Understanding the Arab rebellions: Adam Hanieh's 'Lineages of revolt'
Lineages of Revolt: Issues of Contemporary Capitalism in the Middle East
By Adam Hanieh
Chicago: Haymarket Books, 2013
[For more articles by or about Adam Hanieh, click HERE.]
Review by Chris Slee
March 15, 2014 – Links International Journal of Socialist Renewal -- The year 2011 saw uprisings throughout the Middle East and North Africa. They were portrayed in the Western media as rebellions against dictatorial regimes and for democracy. But that is only part of the story. Political discontent was combined with economic discontent, as reflected in the widespread slogan, “bread, freedom and social justice”.
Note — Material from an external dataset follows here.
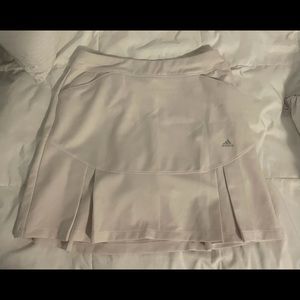 White Adidas tennis skirt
Adam Hanieh argues that: “The popularity of this cry points to the numerous social crises that faced much of the region in the decade preceding the uprisings, a period marked by extremely high levels of unemployment, poverty, rising food prices, and the growing precariousness of daily existence. These intense social problems worsened in the wake of the 2008 global economic collapse” (p. 2; all page references are to Lineages of Revolt).
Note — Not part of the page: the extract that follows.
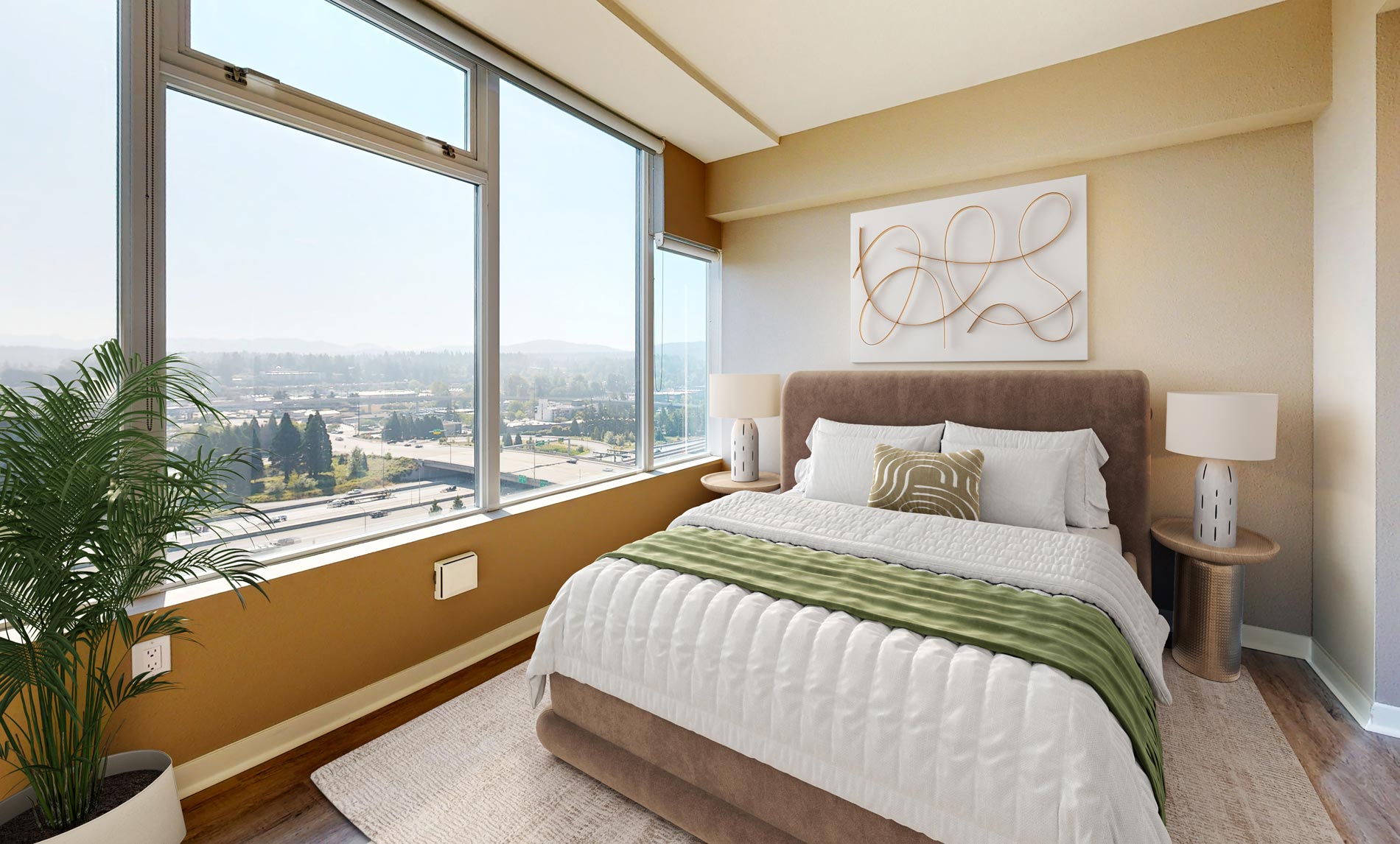 Elements staged bedroom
Hanieh argues that both the economic and political problems are a product of capitalism. “The unequal distribution of wealth is not an unfortunate consequence of wrong-headed economic policy or a ‘conspiracy’ of elites but rather a necessary presupposition of capitalist markets themselves” (p. 2). He also argues that the repressive regimes are a product of the specific nature of capitalism in the Middle East region: “The authoritarian guise of the Middle East state is not anomalous and antagonistic to capitalism, but is rather a particular form of appearance of capitalism in the Middle East context” (p. 9).
Conventional academic accounts of the Middle East tend to counterpose “the state” and “civil society”, deploring the weakness of the latter. Hanieh emphasises the centrality of class: “The essential class division is ... between those who own the means of production (capitalists) and those who have little choice but to sell their capacity to work in order to be able to meet their needs in the marketplace (workers)” (p. 6).
However, he adds that: “An emphasis on class does not mean that other divisions do not exist within a given society. Class formation is a process involving real human beings, and this means that the concrete conditions of class always carry specific characteristics – of gender, race, age, national origin, and so forth – that are given particular social meaning through their process of coming into being” (pp. 6-7).
Imperialism and the Middle East
Hanieh briefly traces the history of imperialism and the Middle East since the Second World War:
“The existing nation-state borders were largely a result of British and French machinations, which had divided the region into various colonies and assorted protectorates in the early twentieth century alongside the collapse of the Ottoman empire. World War II, however, had significantly disrupted these old colonial structures. A deep-seated yearning for independence had been percolating for decades and – with the weakening of British and French hegemony during and after the war – a resurgence of anticolonial struggles shook the established patterns of rule” (p. 21).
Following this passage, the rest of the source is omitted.